What this task involves: Copy all data exactly. Skip pictures.

Dataset excerpt:
|---|

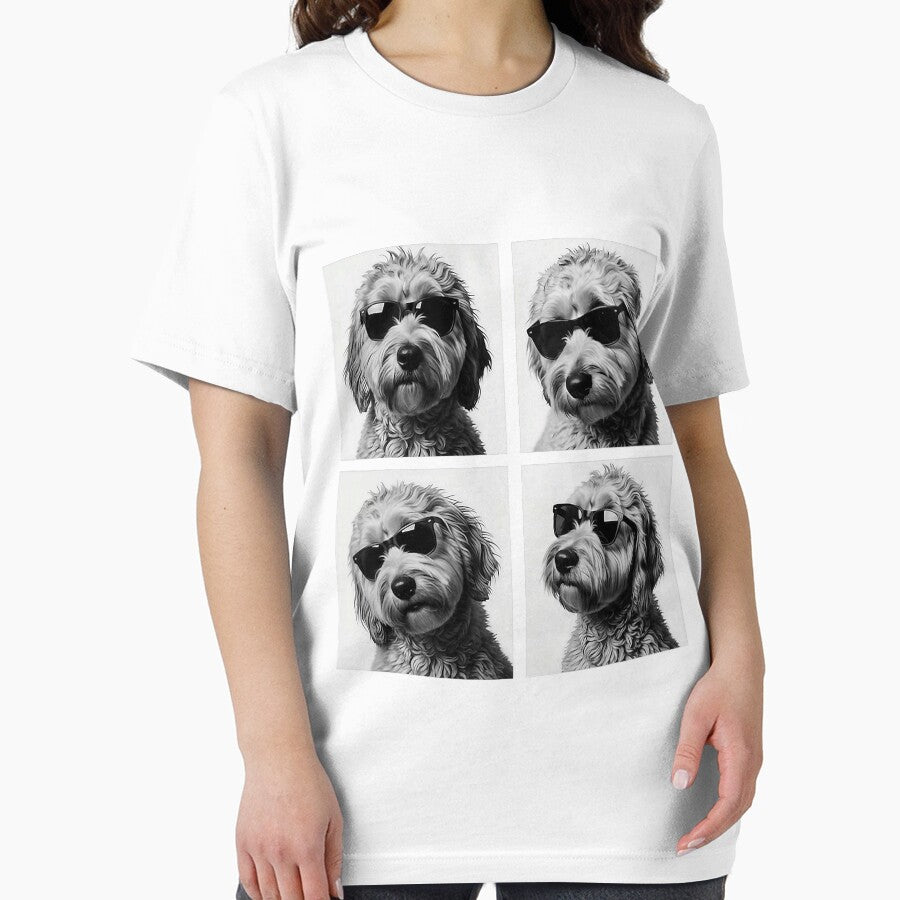 Funny Goldendoodle Meme Cute Doodle Photo Booth by FrankIsabel
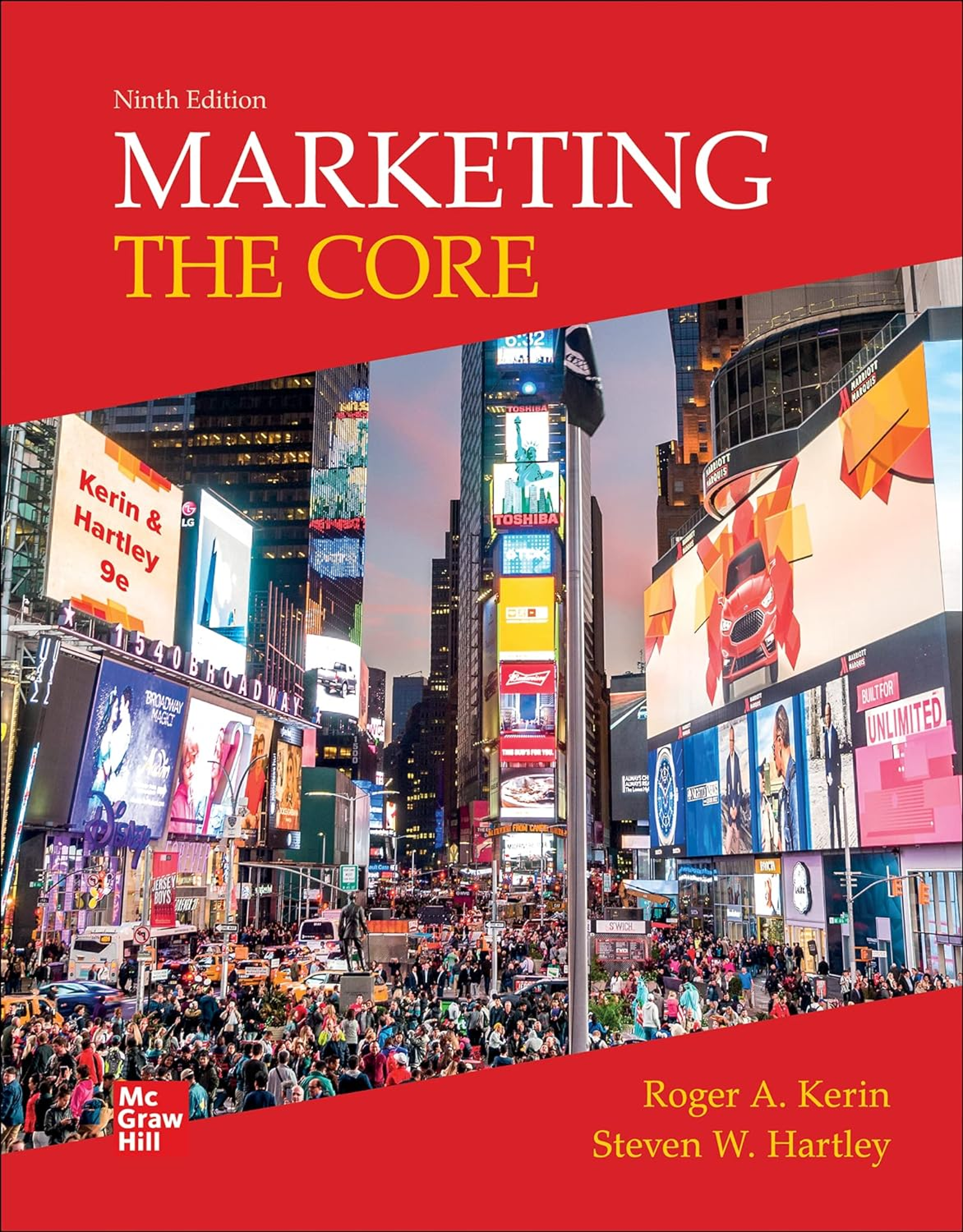 Preview image for PDF(ebook) Roger A. Kerin, Steven W. Hartley ,Loose Leaf for Marketing_ The Core,9e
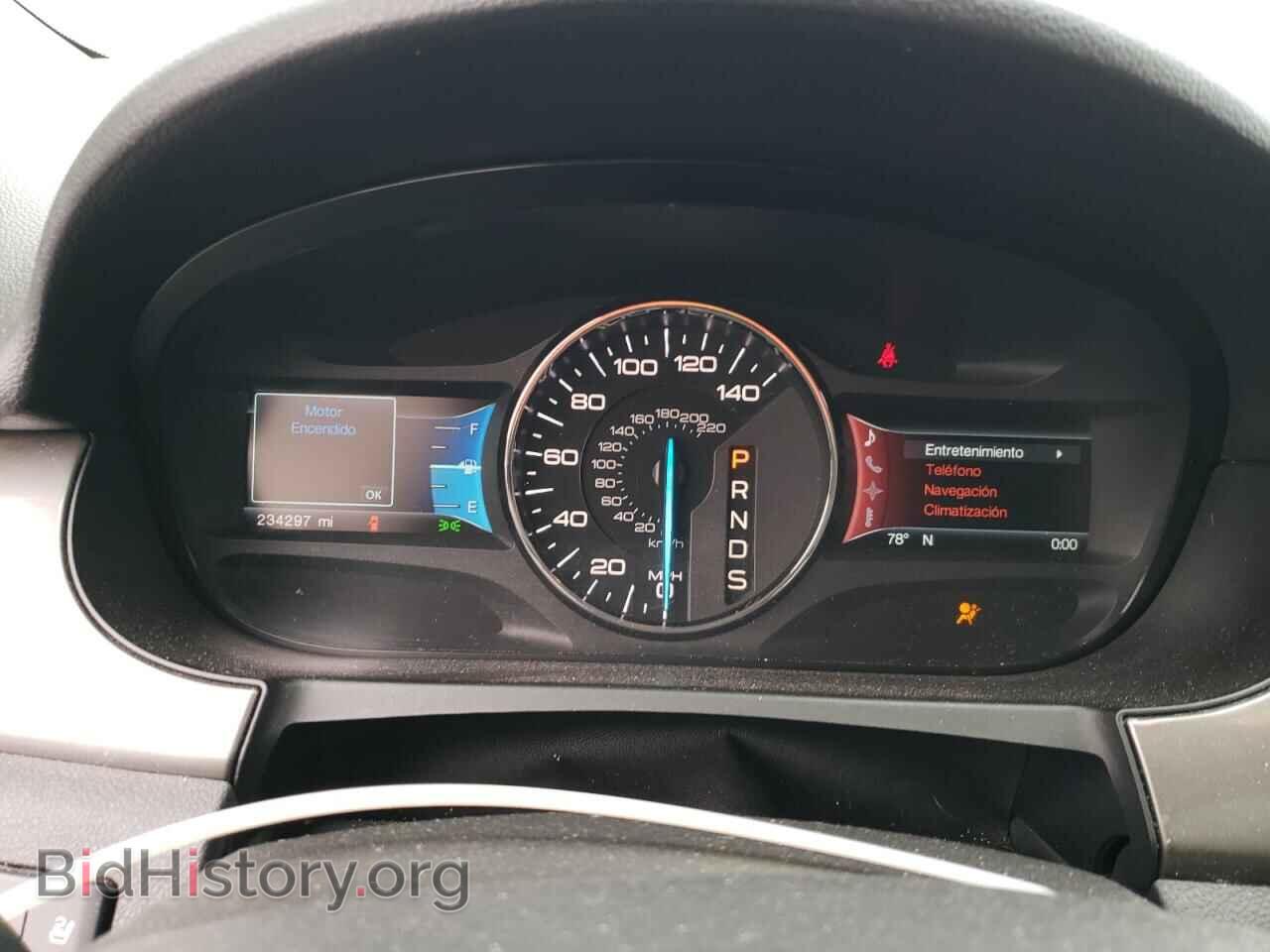 2013 FORD EDGE - VIN: 2FMDK4AK3DBB78780 - Фото 9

|---|

Answer to this exercise:
 Funny Goldendoodle Meme Cute Doodle Photo Booth by FrankIsabel
 Preview image for PDF(ebook) Roger A. Kerin, Steven W. Hartley ,Loose Leaf for Marketing_ The Core,9e
 2013 FORD EDGE - VIN: 2FMDK4AK3DBB78780 - Фото 9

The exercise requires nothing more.